The Alliance has subsequently used the report to bring their concerns to the attention of a wide range of stakeholders, including local authorities, the Scottish Government, and the Care Commission. The group's campaign to end the practice of housing people with learning disabilities in care homes for the elderly continues.
To hear members of the Learning Disability Alliance Scotland talk about their experiences using FOI, click on the video above.
Campaigning for change
The A82 Partnership is an informal group of community members, local businesses, individuals and others, campaigning for the upgrading of the A82. The road is the main route connecting the West Highlands to the central belt, and is described by the group as the 'economic and social lifeline of the west of Scotland'.
The group were aware from personal experience that the road was frequently closed, causing significant disruption to those who rely on it. What they lacked, however, was factual information to support their case, and provide hard evidence of this disruption. That was where FOI came in.
Using their FOI rights, the group were able to discover that the A82 was closed at some point in one day out of every three, illustrating the negative impact on the individuals and businesses that rely on it.
The group found FOI easy to use, and were able to quickly access relevant, comprehensive and accurate information. This information has subsequently been put to use in their lobbying and campaign activity, and has been presented by the group to Scottish Government.
The group have since gone on to have a number of successes, including having the road included in the list of transport projects to which the Government is committed in coming years.
To hear Stuart Murphy of the A82 Partnership talk about his experiences, click on the video above.
Alan Simpson made use of FOI following damage to his car, as a result of potholes on a council-maintained road. When he lodged a complaint with his local Council, he was informed that the road had recently been inspected, but that no defects had been found, and that no other complaints or claims in relation to the road in question had been received. The council informed him that it could not, therefore, be held responsible.
Alan questioned this response, and submitted an FOI request for details of inspections undertaken on the road. A response was received quickly, revealing that an inspection had, in fact, been carried out just prior to Alan's incident. This inspection had highlighted significant defects. In addition, the response to Alan's request also revealed that six reports of potholes on the road had been received by other members of the public in the weeks leading up to Alan's incident.
Alan used this information to challenge the Council's refusal to accept liability, and the Council subsequently reversed its decision.
It has since reimbursed Alan in full for the damage to his car.
The trade union UNISONScotland has used FOI regularly since the Act came into force in 2005, conducting, amongst other things, an annual survey of the number of assaults on workers across the public sector.

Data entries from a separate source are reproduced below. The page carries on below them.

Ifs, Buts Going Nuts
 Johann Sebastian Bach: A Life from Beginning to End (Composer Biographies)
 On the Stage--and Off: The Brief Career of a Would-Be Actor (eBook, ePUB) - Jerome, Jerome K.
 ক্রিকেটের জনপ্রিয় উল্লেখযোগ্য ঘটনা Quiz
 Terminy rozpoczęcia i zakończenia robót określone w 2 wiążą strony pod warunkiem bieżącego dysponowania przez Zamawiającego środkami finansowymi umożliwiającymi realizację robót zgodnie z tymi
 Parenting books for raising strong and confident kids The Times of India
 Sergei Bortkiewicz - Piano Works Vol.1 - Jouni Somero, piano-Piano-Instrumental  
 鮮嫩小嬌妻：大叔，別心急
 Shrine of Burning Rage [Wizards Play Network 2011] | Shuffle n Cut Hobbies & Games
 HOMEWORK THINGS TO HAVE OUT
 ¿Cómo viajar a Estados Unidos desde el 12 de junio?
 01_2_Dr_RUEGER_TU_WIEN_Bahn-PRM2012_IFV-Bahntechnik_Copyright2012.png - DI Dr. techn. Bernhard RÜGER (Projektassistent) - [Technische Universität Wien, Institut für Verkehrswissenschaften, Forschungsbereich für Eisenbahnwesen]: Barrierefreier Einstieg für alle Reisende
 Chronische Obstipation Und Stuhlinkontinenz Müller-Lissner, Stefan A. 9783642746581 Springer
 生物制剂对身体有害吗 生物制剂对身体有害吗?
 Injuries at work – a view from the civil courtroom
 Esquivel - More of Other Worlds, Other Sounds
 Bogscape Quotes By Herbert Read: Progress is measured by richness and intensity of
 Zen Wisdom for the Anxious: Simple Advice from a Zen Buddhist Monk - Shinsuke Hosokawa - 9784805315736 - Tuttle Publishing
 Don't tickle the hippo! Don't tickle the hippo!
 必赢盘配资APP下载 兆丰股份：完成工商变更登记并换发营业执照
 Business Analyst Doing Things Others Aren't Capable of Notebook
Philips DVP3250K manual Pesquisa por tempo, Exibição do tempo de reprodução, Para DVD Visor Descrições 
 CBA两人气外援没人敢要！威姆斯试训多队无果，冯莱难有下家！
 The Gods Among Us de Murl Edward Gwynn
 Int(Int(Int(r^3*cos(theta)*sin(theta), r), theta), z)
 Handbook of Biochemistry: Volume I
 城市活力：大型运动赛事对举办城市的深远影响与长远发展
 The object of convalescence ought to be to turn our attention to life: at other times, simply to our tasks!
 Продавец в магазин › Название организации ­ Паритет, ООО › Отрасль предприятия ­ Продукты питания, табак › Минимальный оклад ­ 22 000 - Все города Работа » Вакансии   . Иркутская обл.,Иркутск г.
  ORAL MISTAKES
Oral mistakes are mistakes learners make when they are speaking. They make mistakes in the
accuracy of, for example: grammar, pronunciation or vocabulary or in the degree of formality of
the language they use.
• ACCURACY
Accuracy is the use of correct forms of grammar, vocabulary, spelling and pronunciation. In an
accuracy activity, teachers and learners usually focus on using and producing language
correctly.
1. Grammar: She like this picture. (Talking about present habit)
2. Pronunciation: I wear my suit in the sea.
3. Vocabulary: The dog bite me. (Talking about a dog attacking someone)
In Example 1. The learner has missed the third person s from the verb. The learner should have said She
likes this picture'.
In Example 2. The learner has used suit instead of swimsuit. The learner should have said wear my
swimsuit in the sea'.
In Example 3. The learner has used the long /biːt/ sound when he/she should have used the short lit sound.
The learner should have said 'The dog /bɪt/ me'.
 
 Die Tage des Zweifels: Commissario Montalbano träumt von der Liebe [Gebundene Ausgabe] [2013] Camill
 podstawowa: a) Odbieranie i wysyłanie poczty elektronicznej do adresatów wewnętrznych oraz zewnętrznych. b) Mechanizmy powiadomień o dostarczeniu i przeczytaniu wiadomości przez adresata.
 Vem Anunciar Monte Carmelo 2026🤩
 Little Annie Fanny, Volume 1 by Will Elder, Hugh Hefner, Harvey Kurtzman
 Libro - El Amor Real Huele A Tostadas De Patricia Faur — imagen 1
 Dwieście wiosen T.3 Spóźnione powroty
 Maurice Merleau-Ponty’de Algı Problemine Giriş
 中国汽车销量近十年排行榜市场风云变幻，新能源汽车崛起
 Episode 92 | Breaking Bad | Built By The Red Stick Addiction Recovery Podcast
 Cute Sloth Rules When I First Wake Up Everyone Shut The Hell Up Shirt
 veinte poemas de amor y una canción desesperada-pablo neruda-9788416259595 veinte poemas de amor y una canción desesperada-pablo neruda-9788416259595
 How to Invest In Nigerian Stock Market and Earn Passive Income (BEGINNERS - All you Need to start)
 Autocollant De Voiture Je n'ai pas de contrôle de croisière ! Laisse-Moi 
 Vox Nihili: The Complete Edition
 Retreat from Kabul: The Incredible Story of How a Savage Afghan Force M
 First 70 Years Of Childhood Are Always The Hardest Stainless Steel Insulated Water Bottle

UNISONScotland's aim in undertaking this survey is to raise awareness of this issue and identify best practice, so that lessons can be learned across the public sector to help reduce the number of violent incidents against staff.
The responses to the survey identified some key gaps where information was not being collected but, in UNISONScotland's view, should be. Through publication of the study in October 2010, the union promoted the need for both systematic data collection about incidents and better reporting.
Dave Watson of UNISONScotland, who conducted the survey, is enthusiastic about the use of FOI as a research tool.
"It can be used to get a picture that isn't available any other way. The beauty of the process is that you can ask a consistent range of questions and get back consistent responses."